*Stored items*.
··········

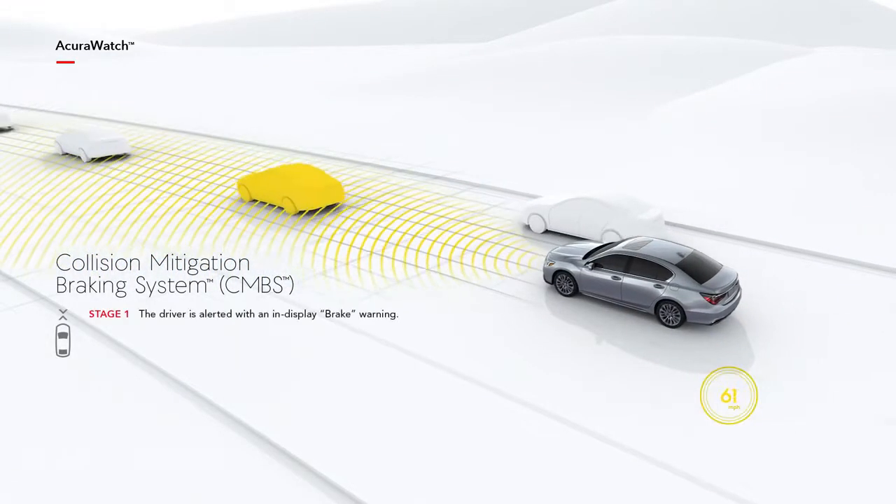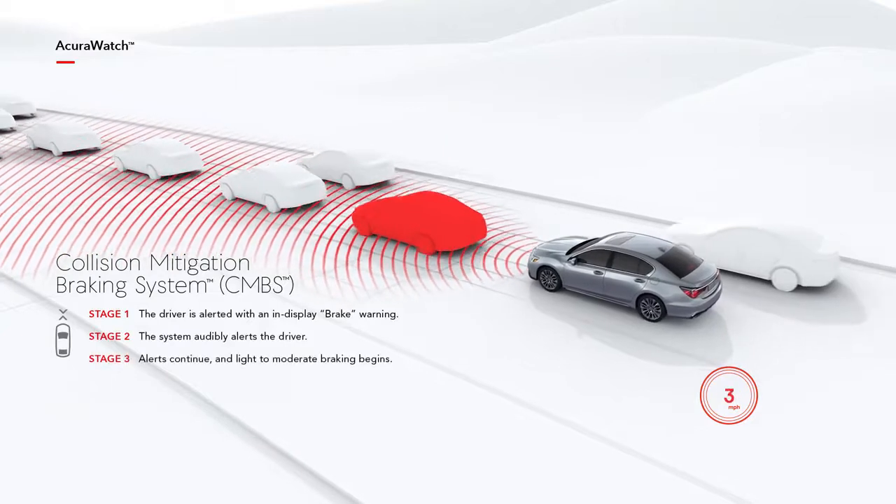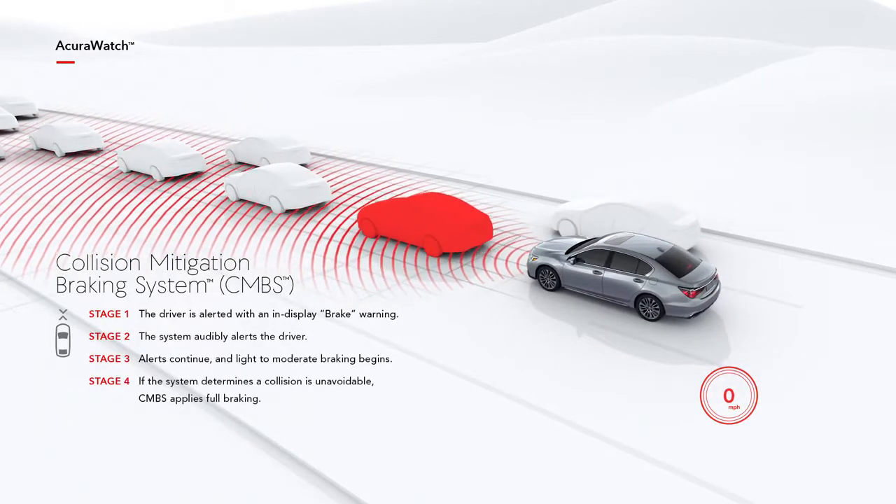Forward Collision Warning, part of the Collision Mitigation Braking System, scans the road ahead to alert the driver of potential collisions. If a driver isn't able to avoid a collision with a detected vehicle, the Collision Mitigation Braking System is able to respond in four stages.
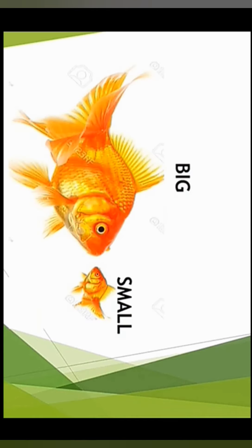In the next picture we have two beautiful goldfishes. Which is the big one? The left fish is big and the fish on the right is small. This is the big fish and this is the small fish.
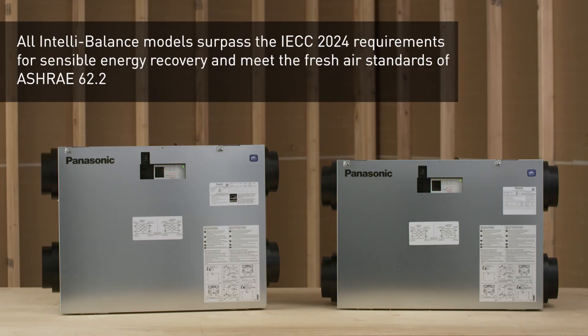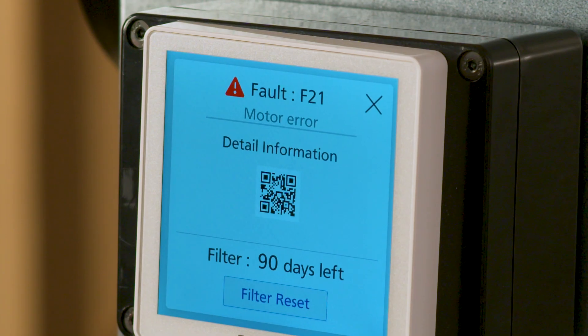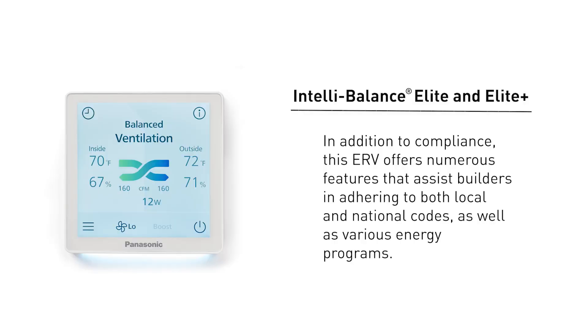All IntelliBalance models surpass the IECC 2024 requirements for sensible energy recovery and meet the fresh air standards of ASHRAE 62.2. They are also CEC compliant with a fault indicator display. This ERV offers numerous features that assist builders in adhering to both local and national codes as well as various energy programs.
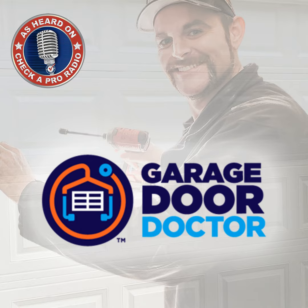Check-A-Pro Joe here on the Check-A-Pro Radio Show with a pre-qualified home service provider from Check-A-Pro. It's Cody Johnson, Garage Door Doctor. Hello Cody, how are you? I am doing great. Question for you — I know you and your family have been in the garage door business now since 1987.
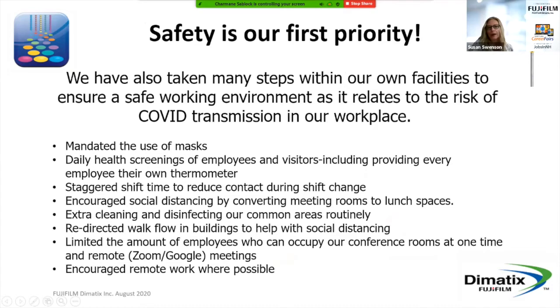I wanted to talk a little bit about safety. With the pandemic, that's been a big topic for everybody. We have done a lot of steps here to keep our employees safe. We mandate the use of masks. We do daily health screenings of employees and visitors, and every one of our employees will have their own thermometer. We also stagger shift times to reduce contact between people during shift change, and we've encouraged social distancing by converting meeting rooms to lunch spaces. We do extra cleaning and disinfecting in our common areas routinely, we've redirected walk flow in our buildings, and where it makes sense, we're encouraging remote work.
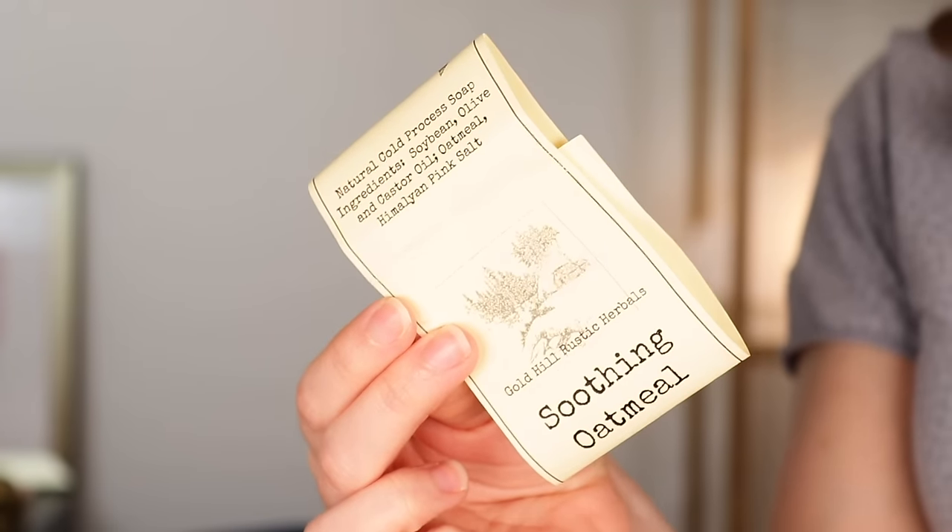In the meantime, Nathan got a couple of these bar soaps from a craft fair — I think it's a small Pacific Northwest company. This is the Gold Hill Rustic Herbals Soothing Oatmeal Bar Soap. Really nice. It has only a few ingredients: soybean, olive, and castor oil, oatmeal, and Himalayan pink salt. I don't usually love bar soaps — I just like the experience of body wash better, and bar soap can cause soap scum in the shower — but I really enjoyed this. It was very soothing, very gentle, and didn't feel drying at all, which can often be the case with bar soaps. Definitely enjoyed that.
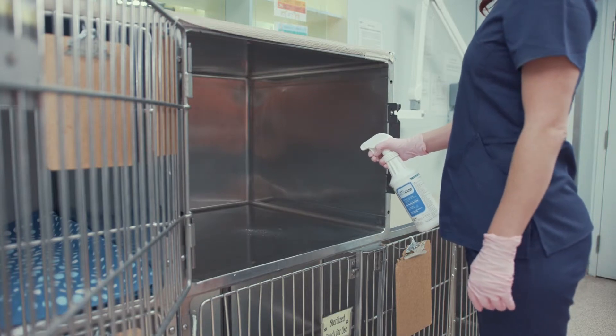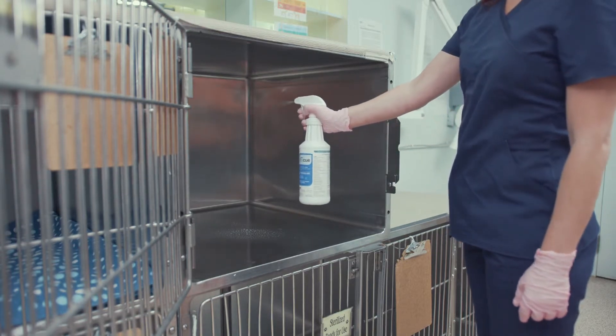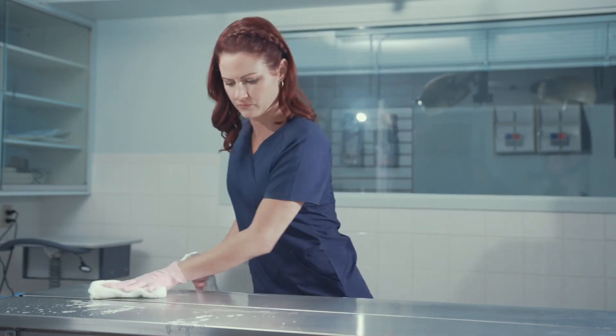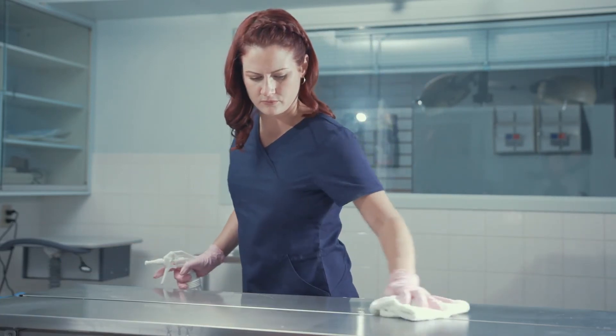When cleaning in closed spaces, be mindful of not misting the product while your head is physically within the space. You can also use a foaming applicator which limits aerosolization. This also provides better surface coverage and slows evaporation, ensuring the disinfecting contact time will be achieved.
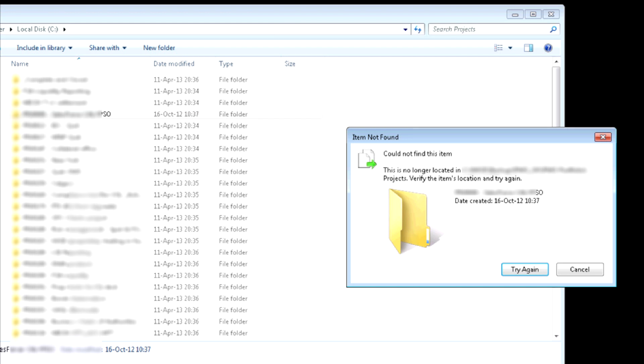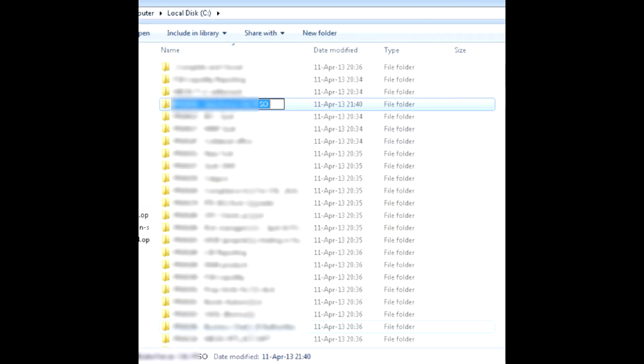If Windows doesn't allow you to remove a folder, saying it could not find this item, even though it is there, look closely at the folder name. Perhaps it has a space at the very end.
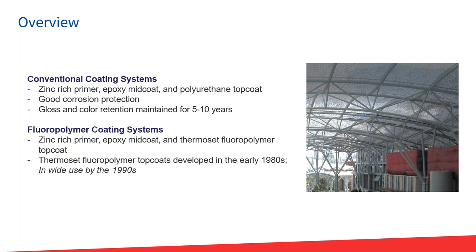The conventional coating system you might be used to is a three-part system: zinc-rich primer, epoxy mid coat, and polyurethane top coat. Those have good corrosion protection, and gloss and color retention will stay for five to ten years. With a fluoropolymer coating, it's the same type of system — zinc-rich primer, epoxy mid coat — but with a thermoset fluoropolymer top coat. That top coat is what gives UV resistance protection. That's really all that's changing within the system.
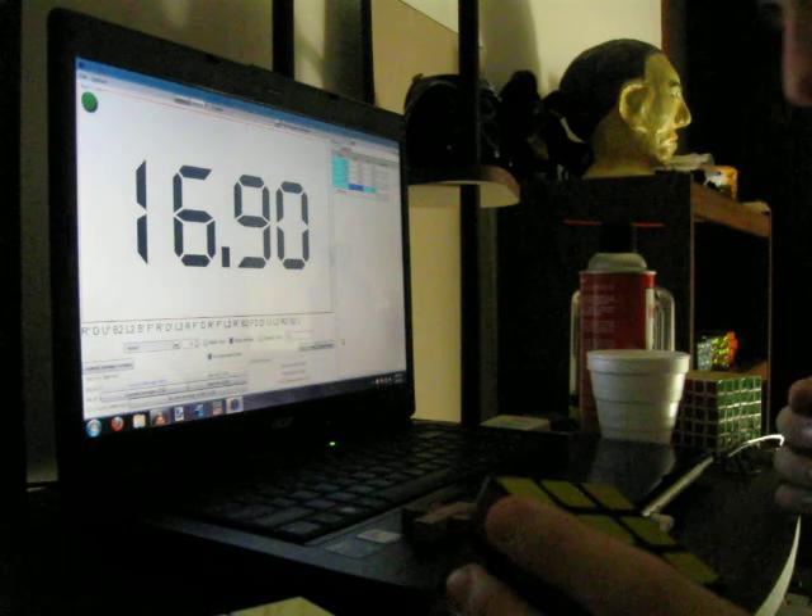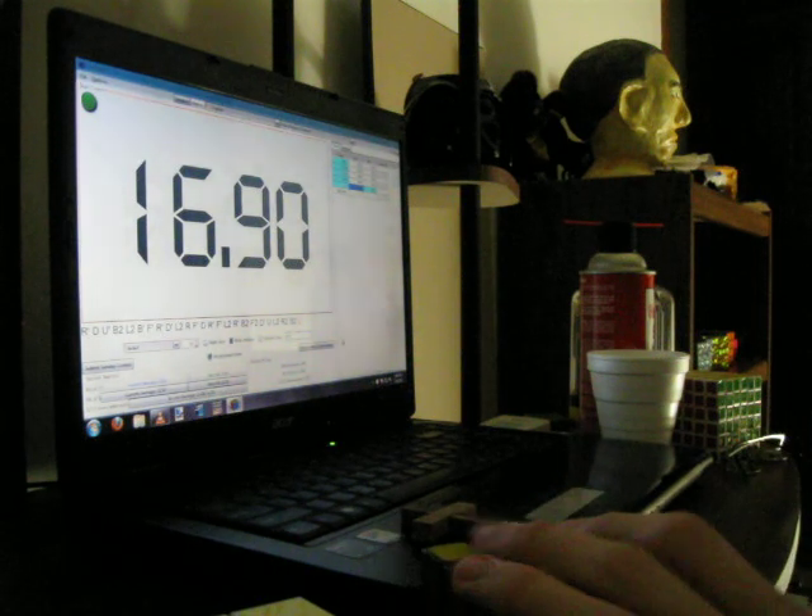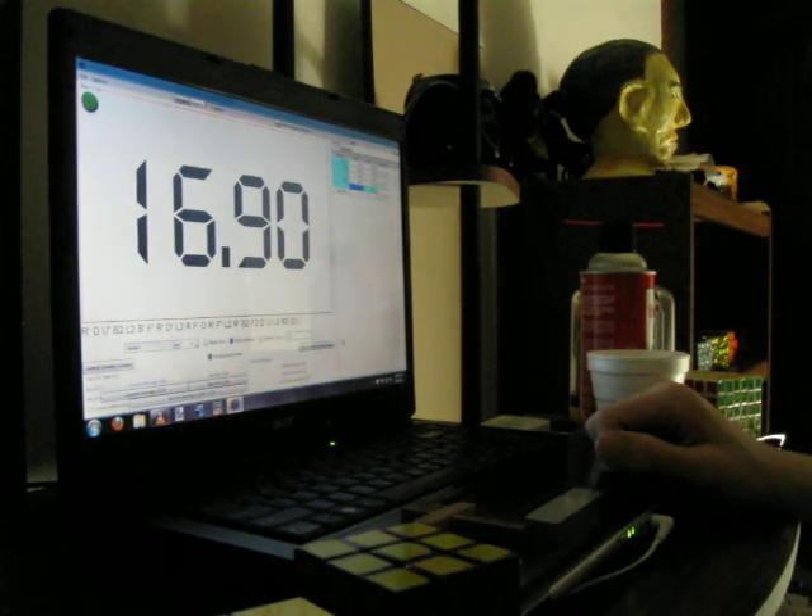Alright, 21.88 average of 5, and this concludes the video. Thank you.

··········

*EXERCISE OBJECTIVE*.
The entries above are to be printed again word for word, with every picture removed.

*YOUR SOLUTION*.
Forward Collision Warning, part of the Collision Mitigation Braking System, scans the road ahead to alert the driver of potential collisions. If a driver isn't able to avoid a collision with a detected vehicle, the Collision Mitigation Braking System is able to respond in four stages.
In the next picture we have two beautiful goldfishes. Which is the big one? The left fish is big and the fish on the right is small. This is the big fish and this is the small fish.
All IntelliBalance models surpass the IECC 2024 requirements for sensible energy recovery and meet the fresh air standards of ASHRAE 62.2. They are also CEC compliant with a fault indicator display. This ERV offers numerous features that assist builders in adhering to both local and national codes as well as various energy programs.
Check-A-Pro Joe here on the Check-A-Pro Radio Show with a pre-qualified home service provider from Check-A-Pro. It's Cody Johnson, Garage Door Doctor. Hello Cody, how are you? I am doing great. Question for you — I know you and your family have been in the garage door business now since 1987.
I wanted to talk a little bit about safety. With the pandemic, that's been a big topic for everybody. We have done a lot of steps here to keep our employees safe. We mandate the use of masks. We do daily health screenings of employees and visitors, and every one of our employees will have their own thermometer. We also stagger shift times to reduce contact between people during shift change, and we've encouraged social distancing by converting meeting rooms to lunch spaces. We do extra cleaning and disinfecting in our common areas routinely, we've redirected walk flow in our buildings, and where it makes sense, we're encouraging remote work.
In the meantime, Nathan got a couple of these bar soaps from a craft fair — I think it's a small Pacific Northwest company. This is the Gold Hill Rustic Herbals Soothing Oatmeal Bar Soap. Really nice. It has only a few ingredients: soybean, olive, and castor oil, oatmeal, and Himalayan pink salt. I don't usually love bar soaps — I just like the experience of body wash better, and bar soap can cause soap scum in the shower — but I really enjoyed this. It was very soothing, very gentle, and didn't feel drying at all, which can often be the case with bar soaps. Definitely enjoyed that.
When cleaning in closed spaces, be mindful of not misting the product while your head is physically within the space. You can also use a foaming applicator which limits aerosolization. This also provides better surface coverage and slows evaporation, ensuring the disinfecting contact time will be achieved.
If Windows doesn't allow you to remove a folder, saying it could not find this item, even though it is there, look closely at the folder name. Perhaps it has a space at the very end.
The conventional coating system you might be used to is a three-part system: zinc-rich primer, epoxy mid coat, and polyurethane top coat. Those have good corrosion protection, and gloss and color retention will stay for five to ten years. With a fluoropolymer coating, it's the same type of system — zinc-rich primer, epoxy mid coat — but with a thermoset fluoropolymer top coat. That top coat is what gives UV resistance protection. That's really all that's changing within the system.
Alright, 21.88 average of 5, and this concludes the video. Thank you.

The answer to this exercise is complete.